SC sought complete details of licences issued for Kalashnikovs


ISLAMABAD: The Supreme Court on Wednesday sought complete details of licences and permits issued for the weapons of prohibited bore, Irked by the unregulated availability of Kalashnikovs, commonly known as AK-47, in the country.

Chief Justice of Pakistan (CJP) Qazi Faez Isa, who headed a three-judge bench hearing a bail petition in a dacoity case, also hinted at passing orders to withdraw all the licences and recover the prohibited weapons issued in favour of individuals.

“The easy accessibility to narcotics and prohibited weapons has destroyed the very fabric of the country,” the CJP observed, also regretting nowhere else in the world one sees gun-toting men at public places such as markets and outside schools.

Nobody knows if such people displaying weapons were terrorists or not, the chief justice remarked.
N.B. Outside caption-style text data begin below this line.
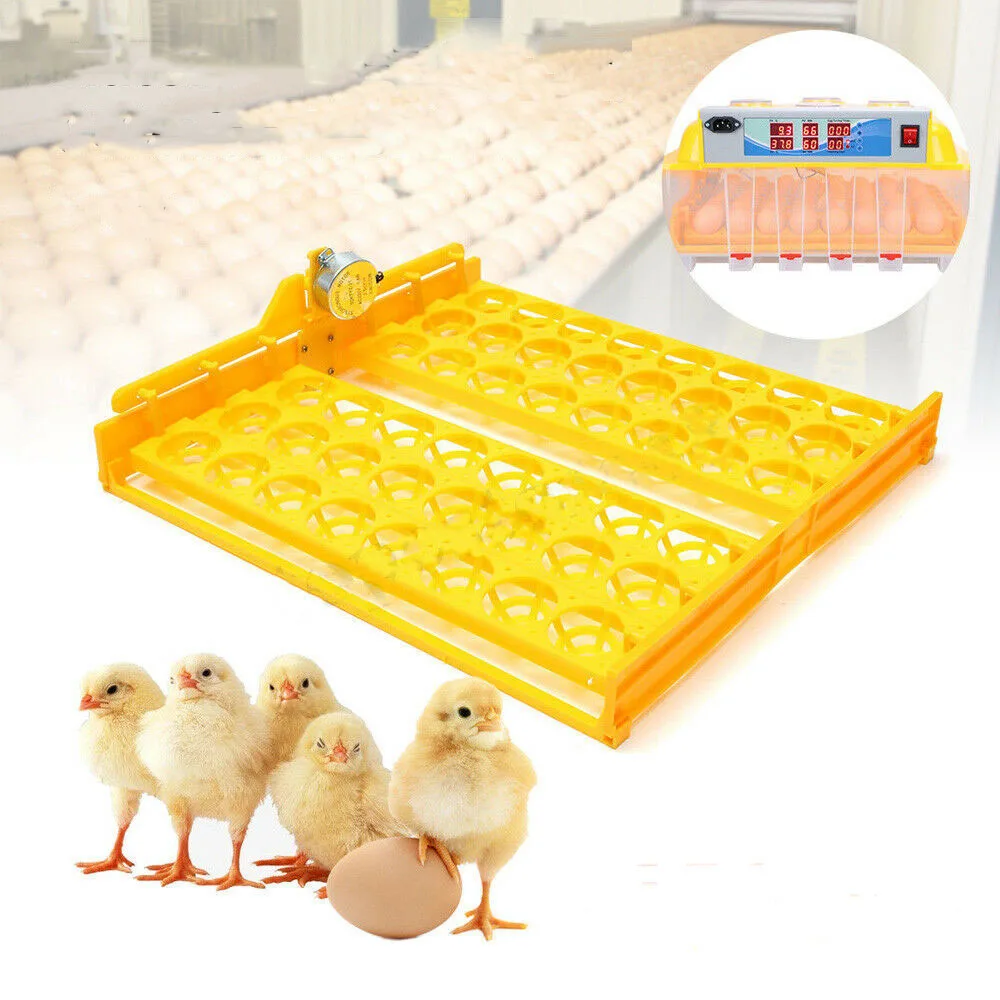 220V 56 Digital Automatic Egg Turner Tray Chicken Bird Supplies Incubators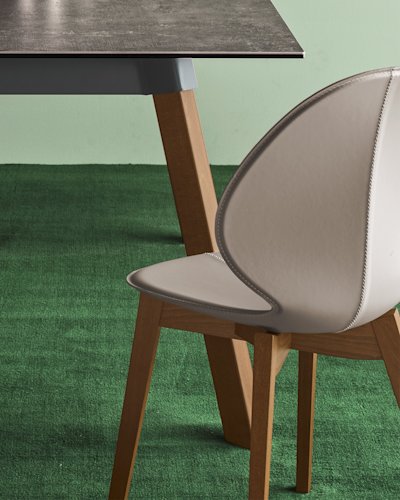 Basil cs4096-RC P201 P321 cs1348-LHS D03 cs8024-SS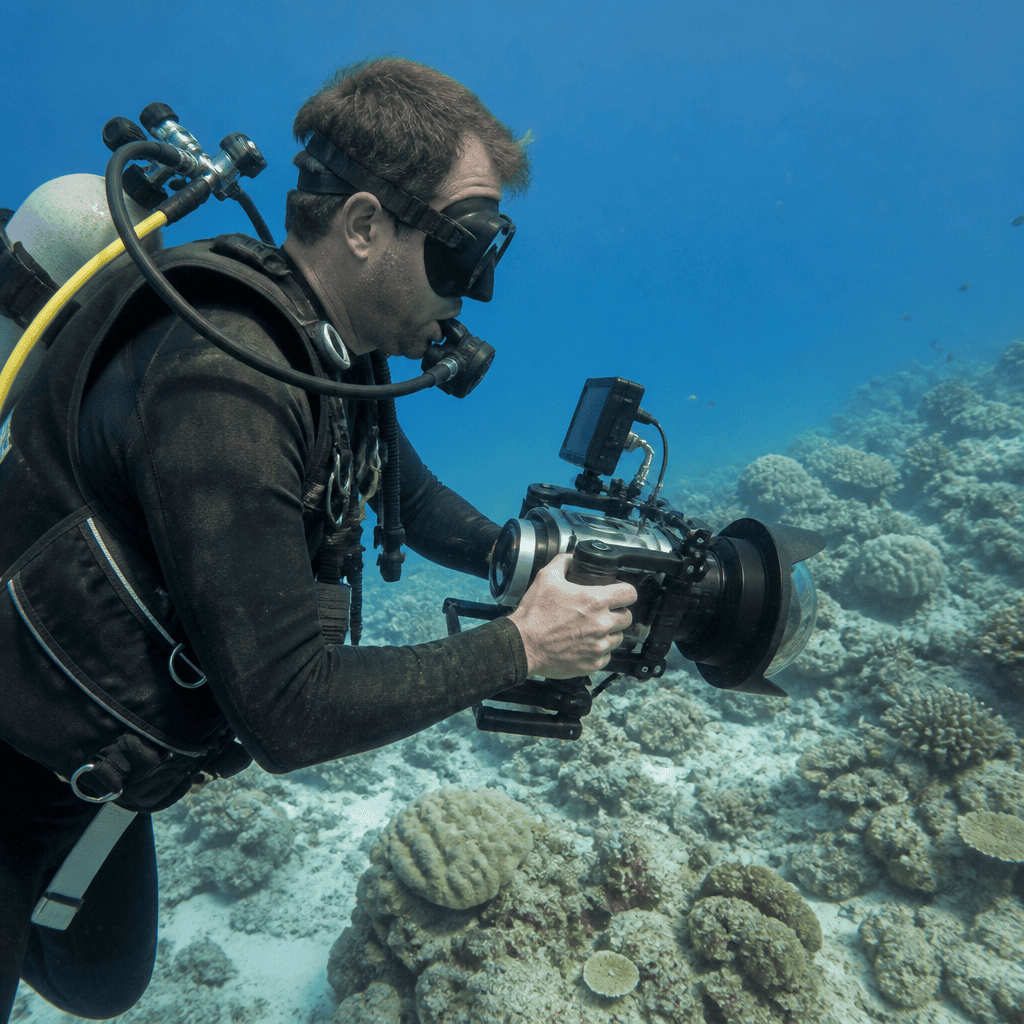 Underwater Cinematographer Career: How to Break Into High-End Filmmaking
Even police did not find any courage or bother to check vehicles with tinted glasses and gun-toting men why they were roaming around in the open with the prohibited weapons, he noted.
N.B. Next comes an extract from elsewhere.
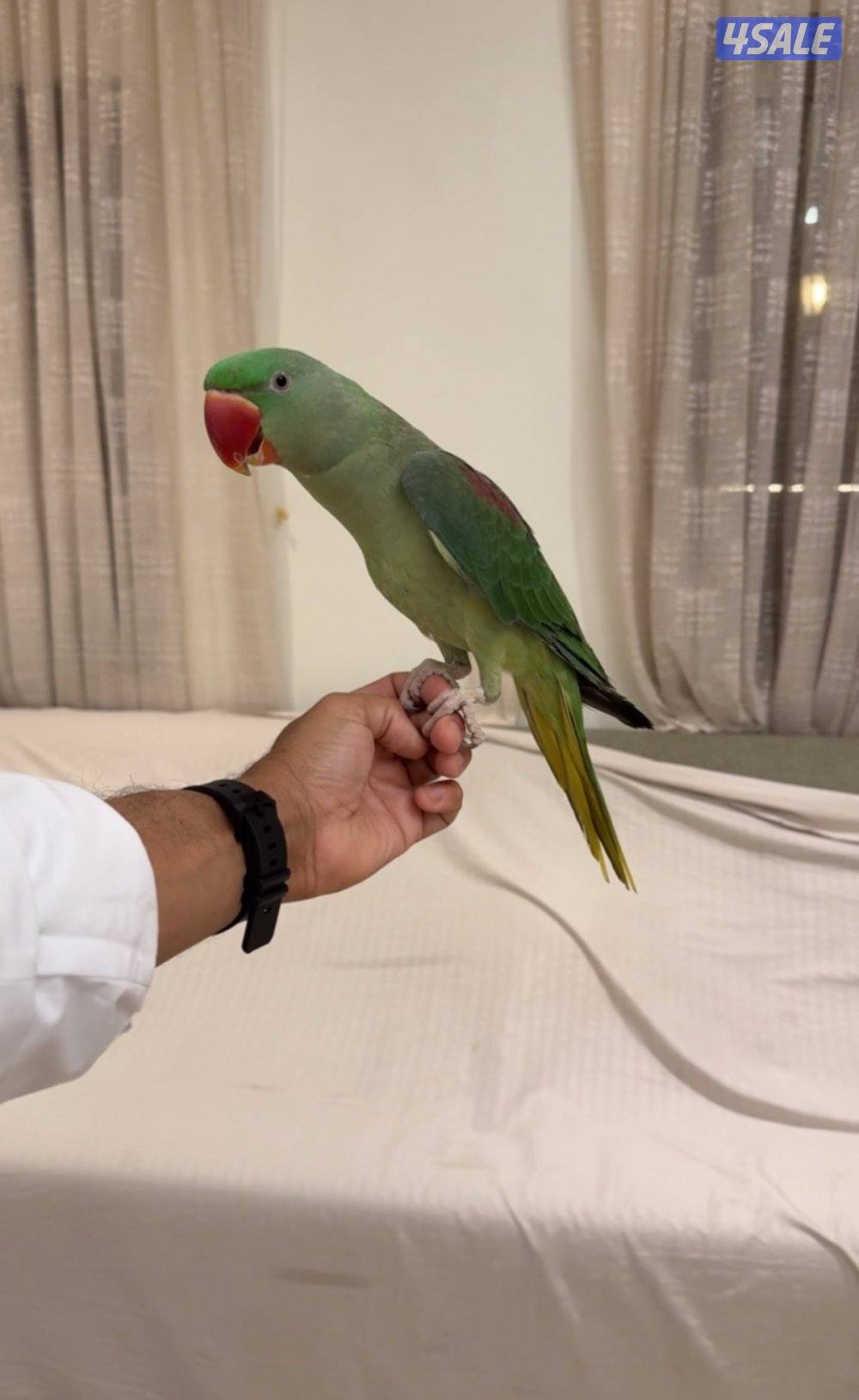 بيبي متوه جامبو1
Justice Isa asked if all such people were really afraid and insecure. Instead of showing off the prohibited weapons to frighten others or in society, they better stay indoors, he remarked, also deploring that even in the capital city of Islamabad, guards outside houses could be seen displaying Kalashnikovs.

The chief justice expressed these remarks during the hearing of a bail petition. The bench, which included Justice Mohammad Ali Mazhar and Justice Musarrat Hilali, had taken up the bail plea of one Kashif from Mardan. He was booked under Sections 395 (dacoity) and Section 412 (dishonestly receiving stolen property in the commission of a dacoity) of Pakistan Penal Code (PPC).

His counsel Shabbir Hussain Gigyani said that the petitioner was accused of robbing the house of Imran in Swabi. During the burglary, the accused allegedly took away “gold ornaments, some cash as well as three Kalashnikovs and 9mm bore pistol”. He said police arrested him and claimed to have recovered the stolen money and two Kalashnikovs from his possession.

During the hearing, however, the CJP expressed his surprise that police did not even care to inquire from the complainant Imran as to where and how he got the licence for keeping Kalashnikovs with him.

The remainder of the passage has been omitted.